Nagel’s Bat Argument (against Physicalism)

  1. Physicalism is the thesis that everything that exists is physical.
  2. Physical facts then, are objective truth (“the kind that can be observed and understood from many points of view and by individuals with different perceptual systems”)
  3. Even if we knew everything about how the bat’s sonar system works, we would not know what is is like for the bat to perceive using this system.
    1. ‘What it’s like’: in this case, something is conscious (a bat) if and only if there is something it’s like to be that being (only a bat knows what it is like for a bat to be a bat)
    2. One, for example, cannot imagine a chair to know what it is like for a chair to be a chair.
    3. For a state to be conscious is for it to have a subjective character (to seem or feel a certain way to the subject). A conscious experience is a state that is both subjective and qualitative.
  4. Therefore, complete knowledge of the physical facts about a bat’s perceptual system would not yield knowledge of certain facts about a bat’s experiences

Physicalism leaves out the subjective facts, so it’s a mystery how it could be true (given that qualia and the subjective experience exists).
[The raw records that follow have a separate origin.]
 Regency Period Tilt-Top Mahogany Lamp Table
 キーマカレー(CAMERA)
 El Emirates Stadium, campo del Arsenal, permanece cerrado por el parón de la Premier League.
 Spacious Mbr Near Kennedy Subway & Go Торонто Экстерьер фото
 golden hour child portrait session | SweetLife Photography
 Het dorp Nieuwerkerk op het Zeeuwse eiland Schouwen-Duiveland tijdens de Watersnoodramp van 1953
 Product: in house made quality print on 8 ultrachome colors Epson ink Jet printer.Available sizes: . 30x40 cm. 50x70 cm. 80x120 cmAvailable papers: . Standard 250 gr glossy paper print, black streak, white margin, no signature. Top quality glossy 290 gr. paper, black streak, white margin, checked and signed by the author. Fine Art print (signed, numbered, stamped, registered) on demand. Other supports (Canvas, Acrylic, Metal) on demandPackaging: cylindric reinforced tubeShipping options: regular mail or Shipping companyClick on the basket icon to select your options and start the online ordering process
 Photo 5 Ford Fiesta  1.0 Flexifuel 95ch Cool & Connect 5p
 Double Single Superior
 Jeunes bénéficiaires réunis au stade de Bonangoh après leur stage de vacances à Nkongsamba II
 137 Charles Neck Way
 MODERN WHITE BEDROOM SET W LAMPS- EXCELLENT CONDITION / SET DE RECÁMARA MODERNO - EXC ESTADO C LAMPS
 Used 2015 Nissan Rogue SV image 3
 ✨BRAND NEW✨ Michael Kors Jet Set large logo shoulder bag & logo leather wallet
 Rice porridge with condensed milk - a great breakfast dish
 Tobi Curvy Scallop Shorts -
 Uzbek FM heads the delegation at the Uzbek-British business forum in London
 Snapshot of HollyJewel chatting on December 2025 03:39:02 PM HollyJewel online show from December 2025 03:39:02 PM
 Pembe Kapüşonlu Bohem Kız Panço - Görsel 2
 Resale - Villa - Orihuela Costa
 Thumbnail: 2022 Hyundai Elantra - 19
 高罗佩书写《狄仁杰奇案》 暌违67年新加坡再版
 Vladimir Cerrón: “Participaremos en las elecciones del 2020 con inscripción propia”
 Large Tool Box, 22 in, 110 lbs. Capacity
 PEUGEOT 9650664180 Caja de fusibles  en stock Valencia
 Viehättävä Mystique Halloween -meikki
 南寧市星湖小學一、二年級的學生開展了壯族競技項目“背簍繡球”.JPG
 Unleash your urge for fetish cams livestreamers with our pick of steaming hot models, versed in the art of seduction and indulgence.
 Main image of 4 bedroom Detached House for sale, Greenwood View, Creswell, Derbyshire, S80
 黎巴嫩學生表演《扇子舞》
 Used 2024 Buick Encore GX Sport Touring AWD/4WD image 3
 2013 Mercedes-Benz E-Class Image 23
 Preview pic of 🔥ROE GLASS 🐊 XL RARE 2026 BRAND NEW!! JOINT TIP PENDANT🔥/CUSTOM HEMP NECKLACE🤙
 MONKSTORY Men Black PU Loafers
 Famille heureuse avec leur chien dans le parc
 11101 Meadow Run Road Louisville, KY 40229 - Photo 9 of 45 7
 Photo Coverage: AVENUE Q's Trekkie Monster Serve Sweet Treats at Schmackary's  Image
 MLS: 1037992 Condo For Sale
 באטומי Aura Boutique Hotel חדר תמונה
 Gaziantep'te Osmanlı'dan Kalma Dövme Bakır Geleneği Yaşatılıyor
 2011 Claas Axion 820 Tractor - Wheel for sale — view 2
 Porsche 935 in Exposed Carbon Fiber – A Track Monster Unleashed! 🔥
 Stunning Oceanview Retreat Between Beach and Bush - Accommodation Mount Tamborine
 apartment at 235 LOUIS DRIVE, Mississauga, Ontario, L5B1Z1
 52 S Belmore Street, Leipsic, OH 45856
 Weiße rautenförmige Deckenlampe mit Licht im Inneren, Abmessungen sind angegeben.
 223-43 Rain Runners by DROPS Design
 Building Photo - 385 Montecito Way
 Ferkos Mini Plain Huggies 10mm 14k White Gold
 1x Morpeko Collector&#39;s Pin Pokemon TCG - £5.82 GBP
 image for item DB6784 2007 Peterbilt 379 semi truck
Related: Frank Jackson’s Knowledge Argument

Fishes

A famous Taoist story about happiness and knowing what it is like to be a fish

  • Zhuangzi and Huizi were strolling on a bridge over the River Hao, when the former observed, “See how the minnows dart between the rocks! Such is the happiness of fishes.”
  • “You not being a fish,” said Huizi, “how can you possibly know what makes fish happy?”
  • “And you not being I,” said Zhuangzi, “how can you know that I don’t know what makes fish happy?”
  • “If I, not being you, cannot know what you know,” replied Huizi, “does it not follow from that very fact that you, not being a fish, cannot know what makes fish happy?”
  • “Let us go back,” said Zhuangzi, “to your original question. You asked me how I knew what makes fish happy. The very fact you asked shows that you knew I knew—as I did know, from my own feelings on this bridge.”

Why did Zhuangzi, who wrote it down, show himself to be defeated by his logician friend?